Tinyletter was a perfect little gem of a service. It cost almost nothing to run, and made an enormous number of peoples’ lives better every day. Shutting it down was an act of corporate depravity by some faceless Intuit manager who woke up one day and said “Fuck all those people. Just fuck them.”

No one knows who that person was. That person will never have to look those people in the eyes — those people whose lives were made poorer for that Intuit executive’s indifference. That person is the greater fuckwad, and that fuckwaddery depends on their anonymity.

Or take Pixsy, a corporate shakedown outfit that helps copyleft trolls trick people into making tiny errors in Creative Commons attributions and then intimidates them into handing over thousands of dollars:

Copyleft trolling is an absolutely depraved practice, a petty grift practiced by greedy fuckwads who are completely indifferent to the harm they cause — even if it means bankrupting volunteer-run nonprofits for a buck:

Pixsy claims that it is proud of its work “defending artists’ rights,” but when I named the personnel who signed their names to these profoundly unethical legal threats, Pixsy CEO Kain Jones threatened to sue me:

The expectation of corporate anonymity runs deep and the press is surprisingly complicit. I once spent weeks working on an investigative story about a multinational corporation’s practices. I spent hours on the phone with the company’s VP of communications, over the course of many calls. When we were done, they said, “Now, of course, you can’t name me in the article. All of that has to be attributed to ‘a spokesperson.’”
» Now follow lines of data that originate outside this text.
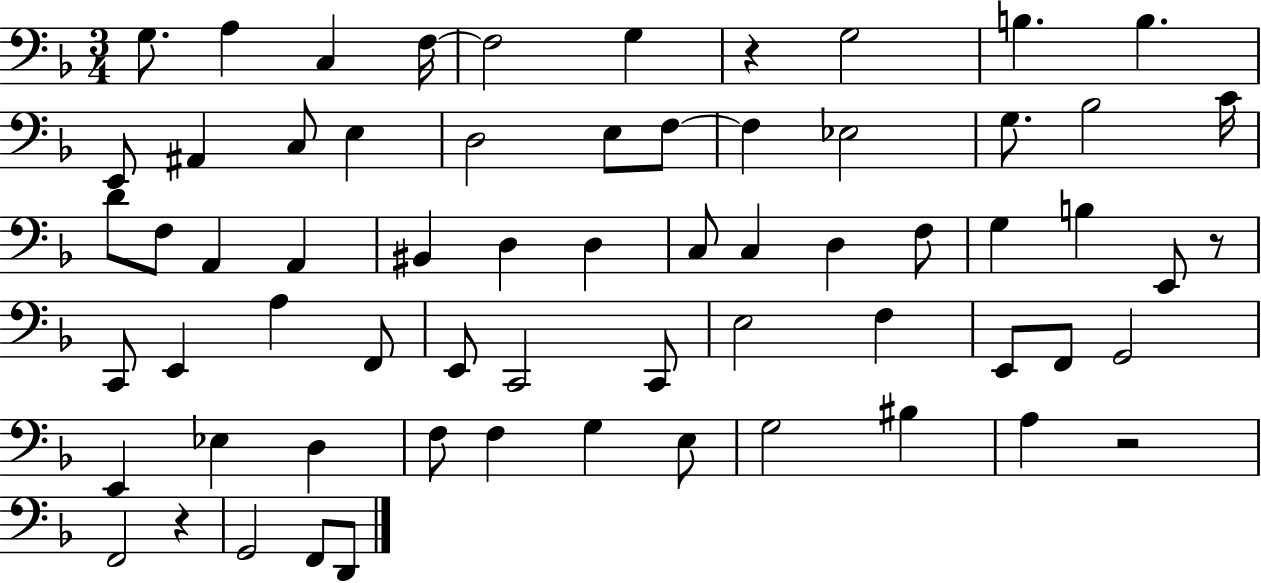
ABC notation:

X:1
T:Untitled
M:3/4
L:1/4
K:F
G,/2 A, C, F,/4 F,2 G, z G,2 B, B, E,,/2 ^A,, C,/2 E, D,2 E,/2 F,/2 F, _E,2 G,/2 _B,2 C/4 D/2 F,/2 A,, A,, ^B,, D, D, C,/2 C, D, F,/2 G, B, E,,/2 z/2 C,,/2 E,, A, F,,/2 E,,/2 C,,2 C,,/2 E,2 F, E,,/2 F,,/2 G,,2 E,, _E, D, F,/2 F, G, E,/2 G,2 ^B, A, z2 F,,2 z G,,2 F,,/2 D,,/2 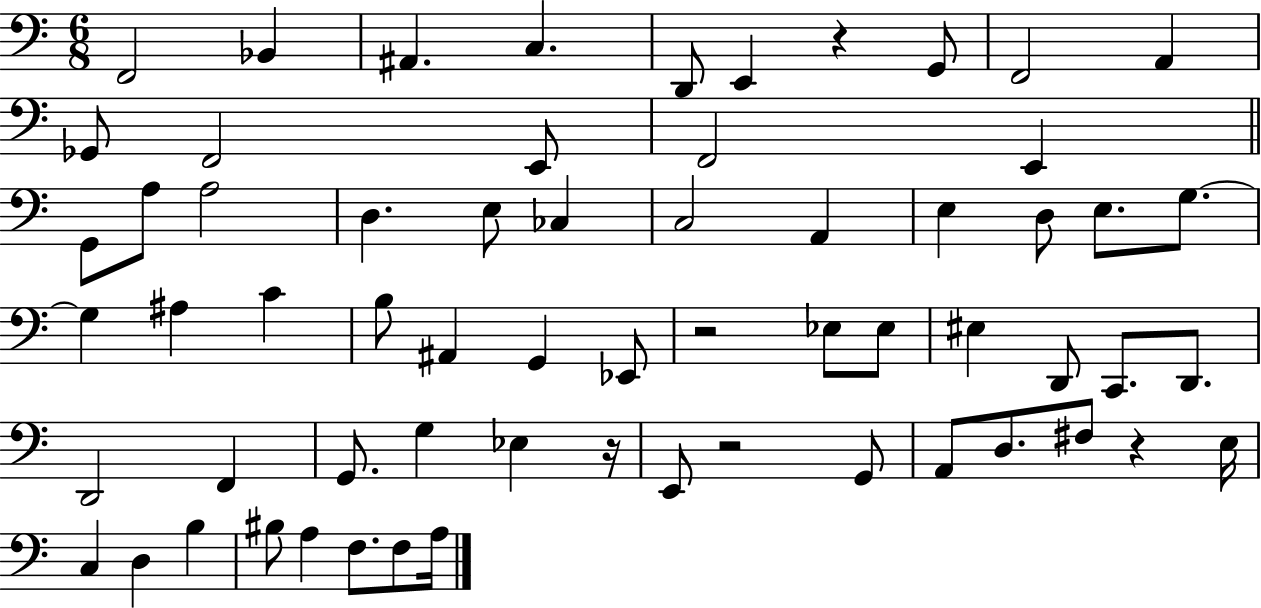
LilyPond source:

{
  \clef bass
  \numericTimeSignature
  \time 6/8
  \key c \major
  \repeat volta 2 { f,2 bes,4 | ais,4. c4. | d,8 e,4 r4 g,8 | f,2 a,4 | \break ges,8 f,2 e,8 | f,2 e,4 | \bar "||" \break \key c \major g,8 a8 a2 | d4. e8 ces4 | c2 a,4 | e4 d8 e8. g8.~~ | \break g4 ais4 c'4 | b8 ais,4 g,4 ees,8 | r2 ees8 ees8 | eis4 d,8 c,8. d,8. | \break d,2 f,4 | g,8. g4 ees4 r16 | e,8 r2 g,8 | a,8 d8. fis8 r4 e16 | \break c4 d4 b4 | bis8 a4 f8. f8 a16 | } \bar "|."
} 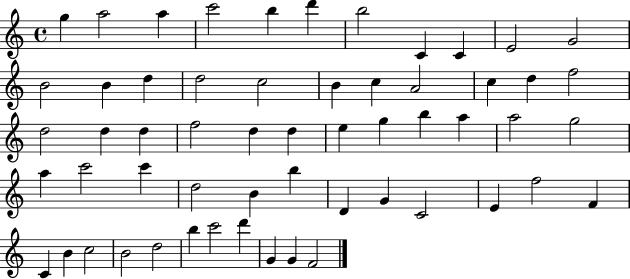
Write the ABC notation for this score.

X:1
T:Untitled
M:4/4
L:1/4
K:C
g a2 a c'2 b d' b2 C C E2 G2 B2 B d d2 c2 B c A2 c d f2 d2 d d f2 d d e g b a a2 g2 a c'2 c' d2 B b D G C2 E f2 F C B c2 B2 d2 b c'2 d' G G F2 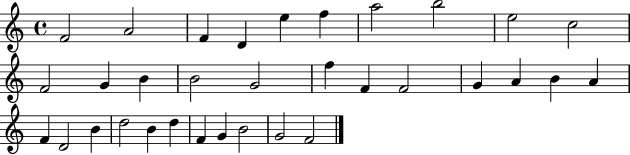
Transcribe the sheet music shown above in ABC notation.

X:1
T:Untitled
M:4/4
L:1/4
K:C
F2 A2 F D e f a2 b2 e2 c2 F2 G B B2 G2 f F F2 G A B A F D2 B d2 B d F G B2 G2 F2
I was baffled. Nothing this person said was a secret. They weren’t blowing the whistle. They weren’t leaking secrets. They were a corporate official, telling me the official corporate line. But they wouldn’t sign their name to it.

I wrote an article about for the Guardian. It was the only Guardian column any of my editors there ever rejected, in more than a decade of writing for them:

Given the press’s deference to this anodyne anonymity, it’s no wonder that official spokespeople expect this kind of anonymity. I routinely receive emails from corporate spokespeople disputing my characterization of their employer’s conduct, but insisting that I not attribute their dubious — and often blatantly false — statements to them by name.

These are the greater corporate fuckwads, who commit their sins from behind a veil of anonymity. That brand of bloodless viciousness, depravity and fraud absolutely depends on anonymity.

Mark Zuckerberg claimed that “multiple identities” enabled bad behavior — as though it was somehow healthy for people to relate to their bosses, lovers, parents, toddlers and barbers in exactly the same way. Zuckerberg’s motivation was utterly transparent: having “multiple identities” doesn’t mean you “lack integrity” — it just makes it harder to target you for ads.

But Zuckerberg couldn’t enshittify Facebook on his own. For that, he relies on a legion of anonymous Facebook managers. Some of these people undoubtably speak up for Facebook users’ interests when their colleagues propose putting them in harm’s way for the sake of some arbitrary KPI. But the ones who are making those mean little decisions? They absolutely rely on anonymity to do their dirty work.